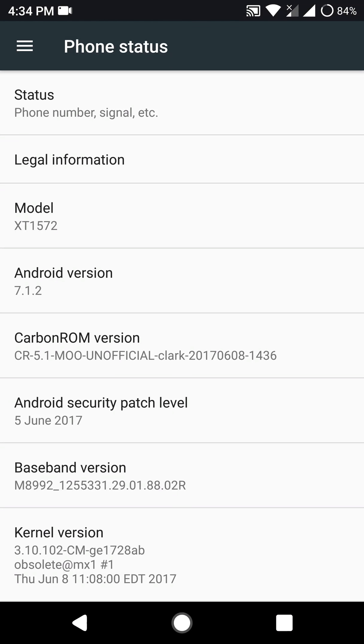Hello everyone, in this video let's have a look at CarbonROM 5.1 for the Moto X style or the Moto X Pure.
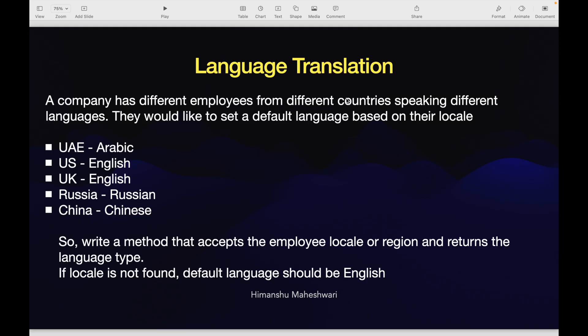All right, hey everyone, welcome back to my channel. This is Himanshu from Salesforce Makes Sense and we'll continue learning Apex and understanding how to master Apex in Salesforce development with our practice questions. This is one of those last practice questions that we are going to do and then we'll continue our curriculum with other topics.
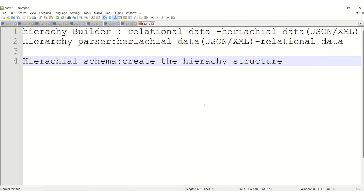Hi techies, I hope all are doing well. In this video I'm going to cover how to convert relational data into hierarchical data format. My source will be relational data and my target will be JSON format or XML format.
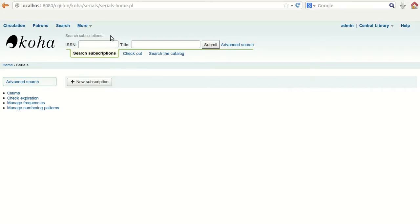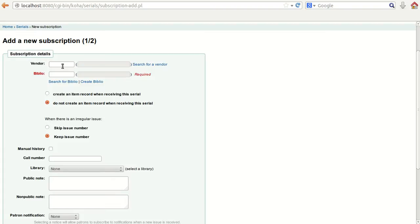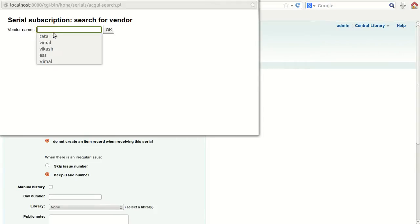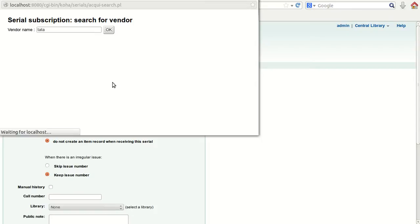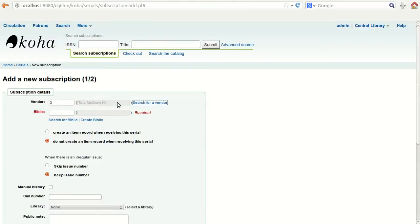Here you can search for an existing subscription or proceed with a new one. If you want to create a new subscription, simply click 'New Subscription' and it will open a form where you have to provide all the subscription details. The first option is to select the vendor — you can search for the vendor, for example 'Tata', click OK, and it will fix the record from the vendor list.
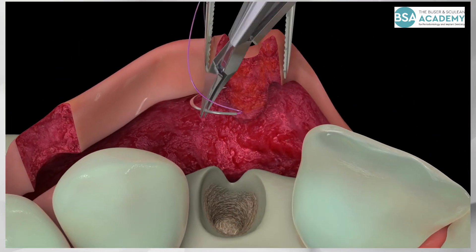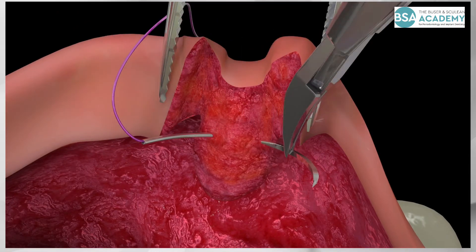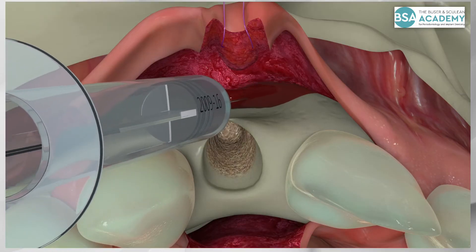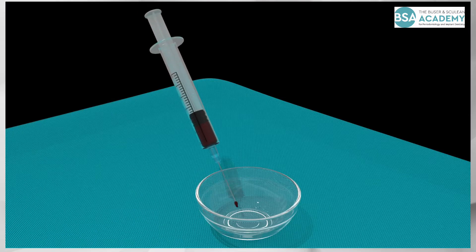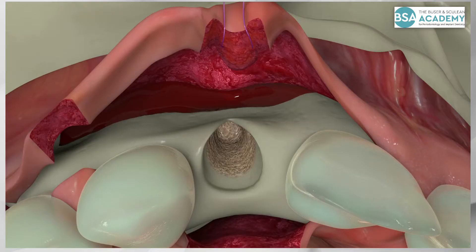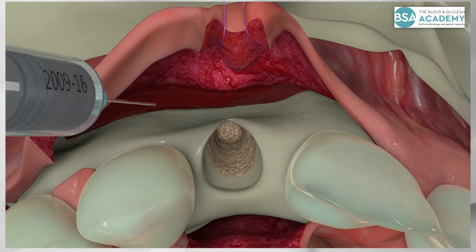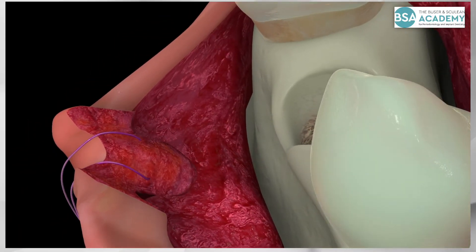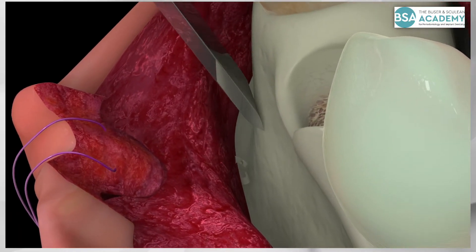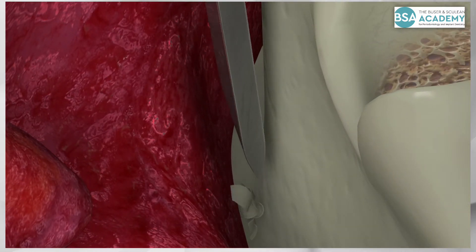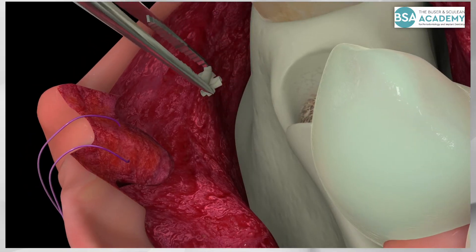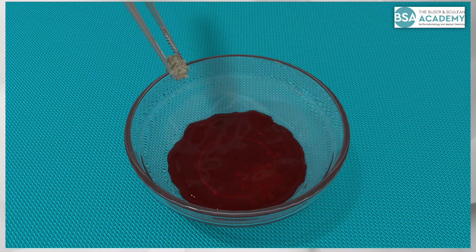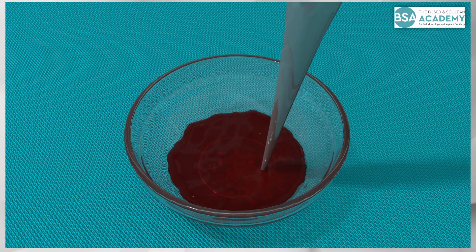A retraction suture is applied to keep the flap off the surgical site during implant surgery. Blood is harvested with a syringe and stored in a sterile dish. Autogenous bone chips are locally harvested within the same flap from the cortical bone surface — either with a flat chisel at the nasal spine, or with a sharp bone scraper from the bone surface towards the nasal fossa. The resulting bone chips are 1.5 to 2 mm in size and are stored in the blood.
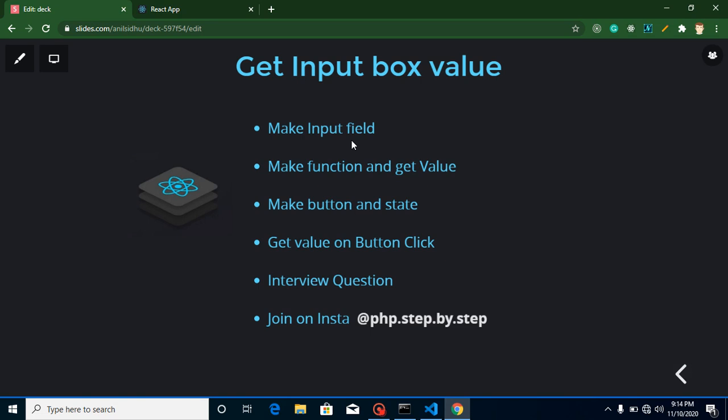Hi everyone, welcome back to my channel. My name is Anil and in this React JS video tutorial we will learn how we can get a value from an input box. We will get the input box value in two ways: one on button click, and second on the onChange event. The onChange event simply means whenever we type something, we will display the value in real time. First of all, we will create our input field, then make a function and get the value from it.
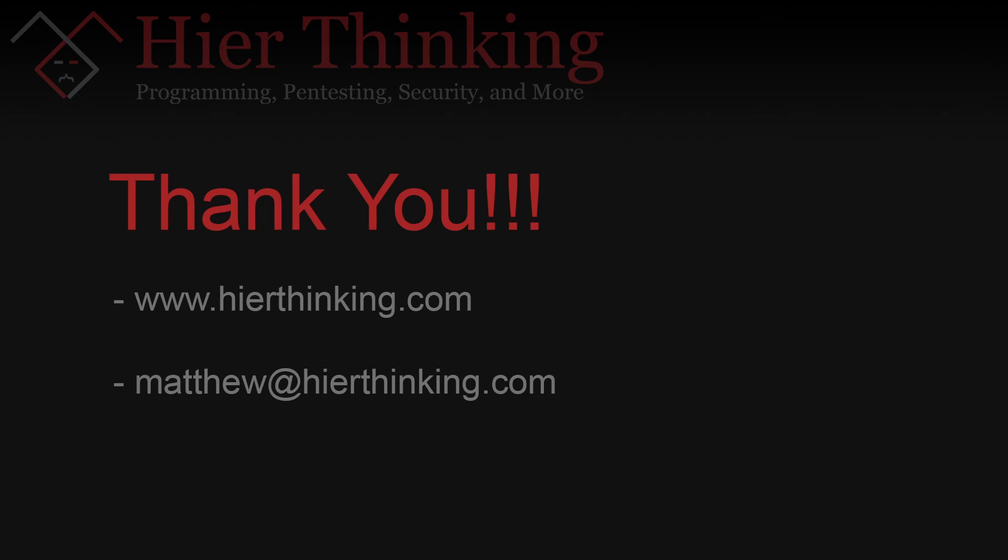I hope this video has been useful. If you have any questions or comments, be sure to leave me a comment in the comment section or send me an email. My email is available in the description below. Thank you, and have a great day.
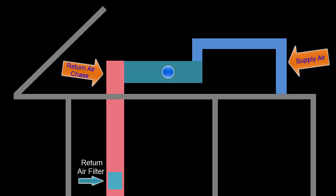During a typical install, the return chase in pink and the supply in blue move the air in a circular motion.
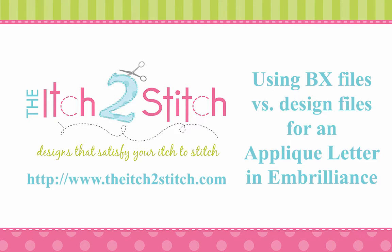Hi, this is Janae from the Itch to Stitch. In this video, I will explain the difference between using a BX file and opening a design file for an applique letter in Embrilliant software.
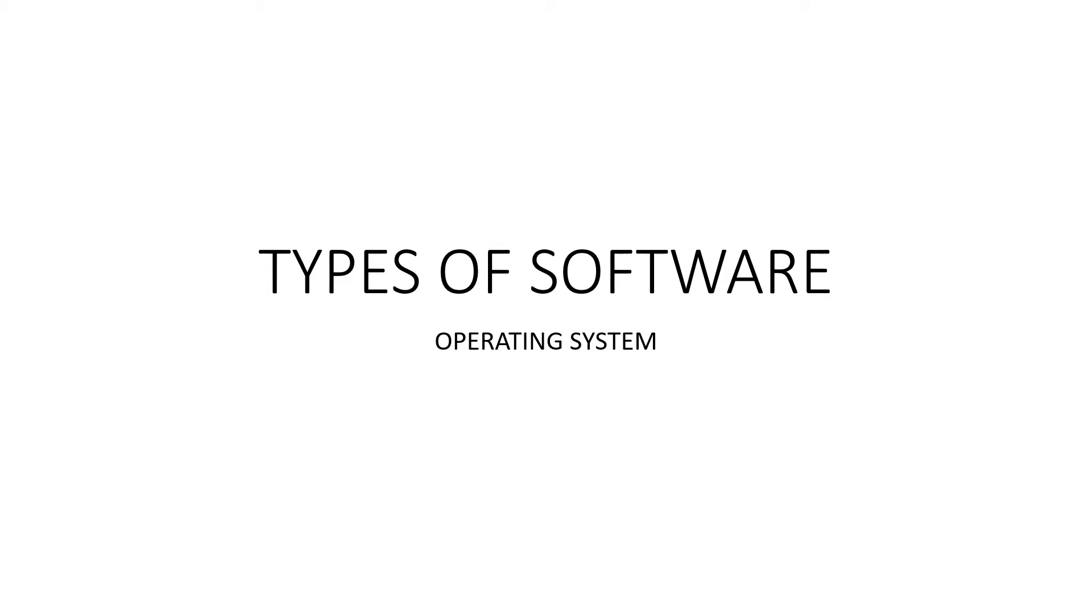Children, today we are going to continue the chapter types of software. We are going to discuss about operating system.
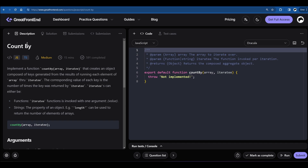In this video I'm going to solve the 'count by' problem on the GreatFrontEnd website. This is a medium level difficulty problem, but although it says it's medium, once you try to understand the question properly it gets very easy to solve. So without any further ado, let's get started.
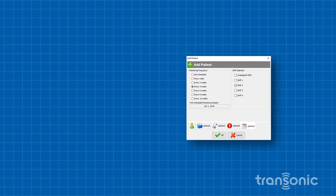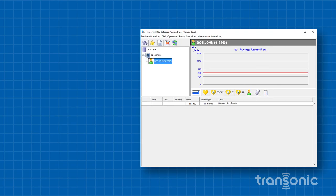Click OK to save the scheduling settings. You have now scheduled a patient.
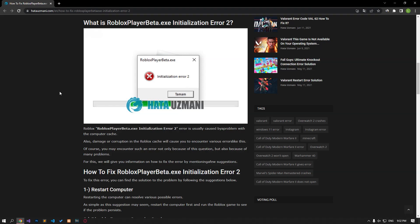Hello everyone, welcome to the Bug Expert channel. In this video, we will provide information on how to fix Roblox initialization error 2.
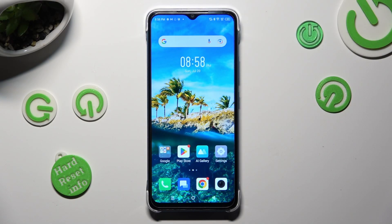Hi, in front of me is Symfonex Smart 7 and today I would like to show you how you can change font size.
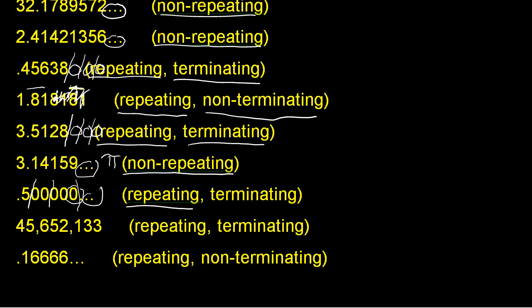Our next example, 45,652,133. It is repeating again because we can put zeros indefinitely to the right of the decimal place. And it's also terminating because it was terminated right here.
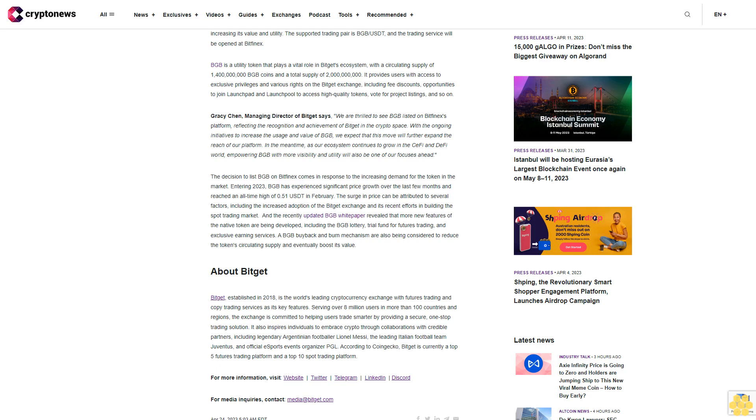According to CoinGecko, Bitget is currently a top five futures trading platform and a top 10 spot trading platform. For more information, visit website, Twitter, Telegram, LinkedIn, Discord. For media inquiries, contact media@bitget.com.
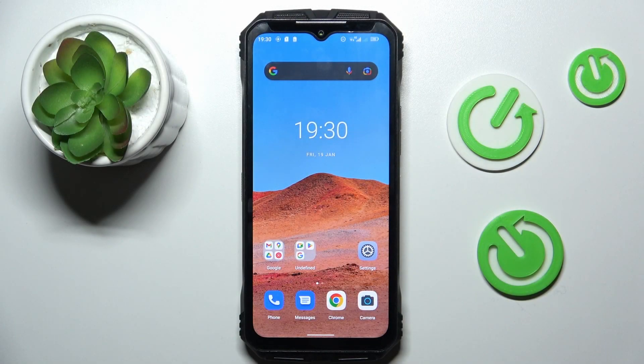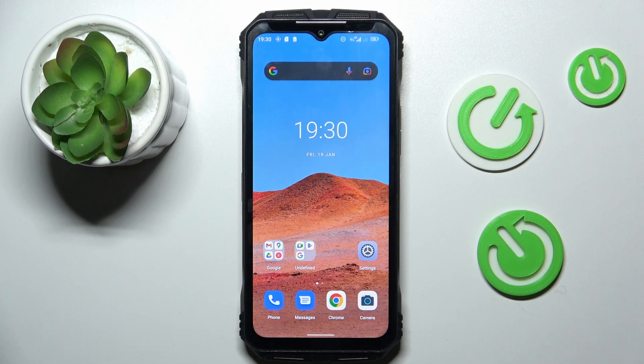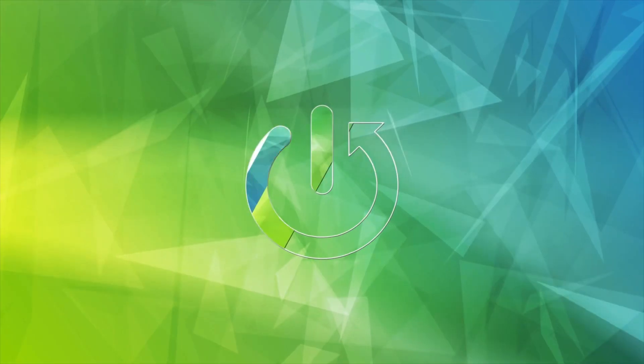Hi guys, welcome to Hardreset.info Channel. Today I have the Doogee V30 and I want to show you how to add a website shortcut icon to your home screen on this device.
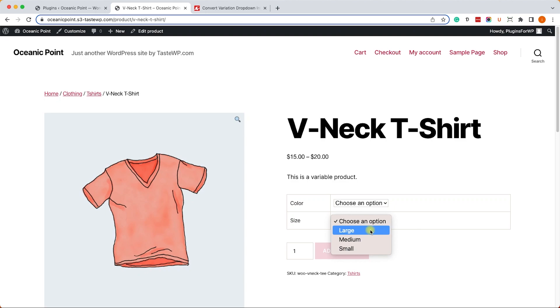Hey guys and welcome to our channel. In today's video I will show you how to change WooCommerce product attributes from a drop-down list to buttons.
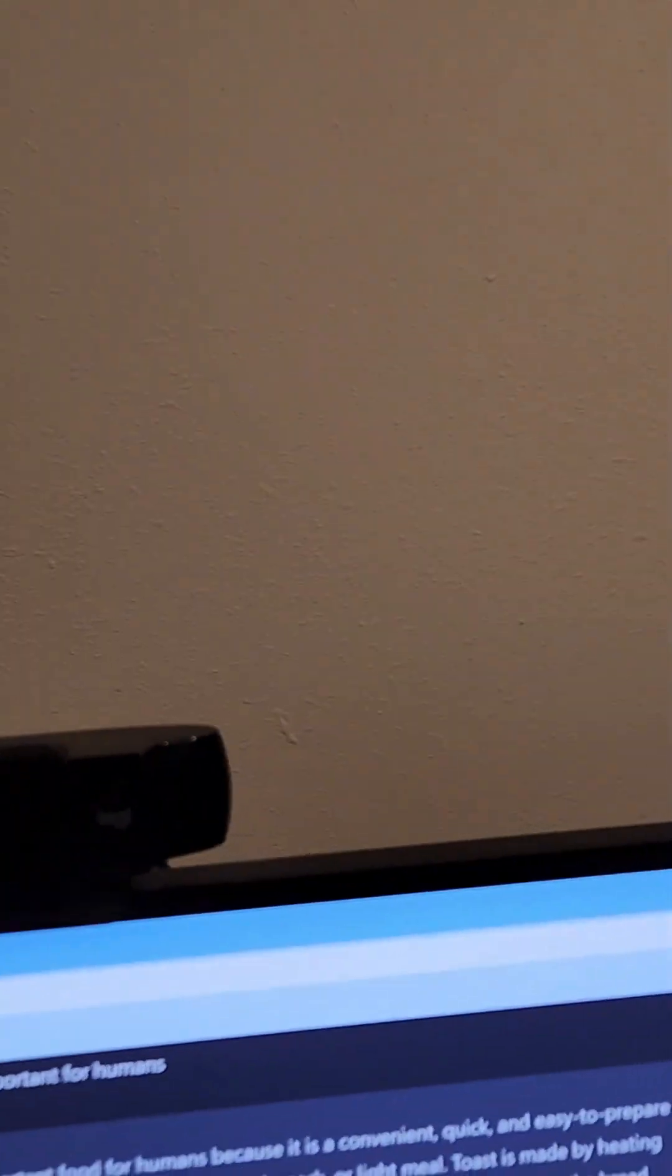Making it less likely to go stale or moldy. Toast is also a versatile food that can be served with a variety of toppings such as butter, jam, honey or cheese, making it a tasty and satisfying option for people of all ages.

....

**About this exercise**
Return the records above exactly, without the pictures.

**Solution to this exercise**
Hello everyone, in this video let's have a look at CarbonROM 5.1 for the Moto X style or the Moto X Pure.
All right, hey everyone, welcome back to my channel. This is Himanshu from Salesforce Makes Sense and we'll continue learning Apex and understanding how to master Apex in Salesforce development with our practice questions. This is one of those last practice questions that we are going to do and then we'll continue our curriculum with other topics.
Hi techies, I hope all are doing well. In this video I'm going to cover how to convert relational data into hierarchical data format. My source will be relational data and my target will be JSON format or XML format.
Here you can search for an existing subscription or proceed with a new one. If you want to create a new subscription, simply click 'New Subscription' and it will open a form where you have to provide all the subscription details. The first option is to select the vendor — you can search for the vendor, for example 'Tata', click OK, and it will fix the record from the vendor list.
A retraction suture is applied to keep the flap off the surgical site during implant surgery. Blood is harvested with a syringe and stored in a sterile dish. Autogenous bone chips are locally harvested within the same flap from the cortical bone surface — either with a flat chisel at the nasal spine, or with a sharp bone scraper from the bone surface towards the nasal fossa. The resulting bone chips are 1.5 to 2 mm in size and are stored in the blood.
Hi everyone, welcome back to my channel. My name is Anil and in this React JS video tutorial we will learn how we can get a value from an input box. We will get the input box value in two ways: one on button click, and second on the onChange event. The onChange event simply means whenever we type something, we will display the value in real time. First of all, we will create our input field, then make a function and get the value from it.
I hope this video has been useful. If you have any questions or comments, be sure to leave me a comment in the comment section or send me an email. My email is available in the description below. Thank you, and have a great day.
During a typical install, the return chase in pink and the supply in blue move the air in a circular motion.
Hi, this is Janae from the Itch to Stitch. In this video, I will explain the difference between using a BX file and opening a design file for an applique letter in Embrilliant software.
Children, today we are going to continue the chapter types of software. We are going to discuss about operating system.
In this video I'm going to solve the 'count by' problem on the GreatFrontEnd website. This is a medium level difficulty problem, but although it says it's medium, once you try to understand the question properly it gets very easy to solve. So without any further ado, let's get started.
Click OK to save the scheduling settings. You have now scheduled a patient.
Hello everyone, welcome to the Bug Expert channel. In this video, we will provide information on how to fix Roblox initialization error 2.
Hi, in front of me is Symfonex Smart 7 and today I would like to show you how you can change font size.
Our next example, 45,652,133. It is repeating again because we can put zeros indefinitely to the right of the decimal place. And it's also terminating because it was terminated right here.
According to CoinGecko, Bitget is currently a top five futures trading platform and a top 10 spot trading platform. For more information, visit website, Twitter, Telegram, LinkedIn, Discord. For media inquiries, contact media@bitget.com.
Hi guys, welcome to Hardreset.info Channel. Today I have the Doogee V30 and I want to show you how to add a website shortcut icon to your home screen on this device.
Hey guys and welcome to our channel. In today's video I will show you how to change WooCommerce product attributes from a drop-down list to buttons.
Making it less likely to go stale or moldy. Toast is also a versatile food that can be served with a variety of toppings such as butter, jam, honey or cheese, making it a tasty and satisfying option for people of all ages.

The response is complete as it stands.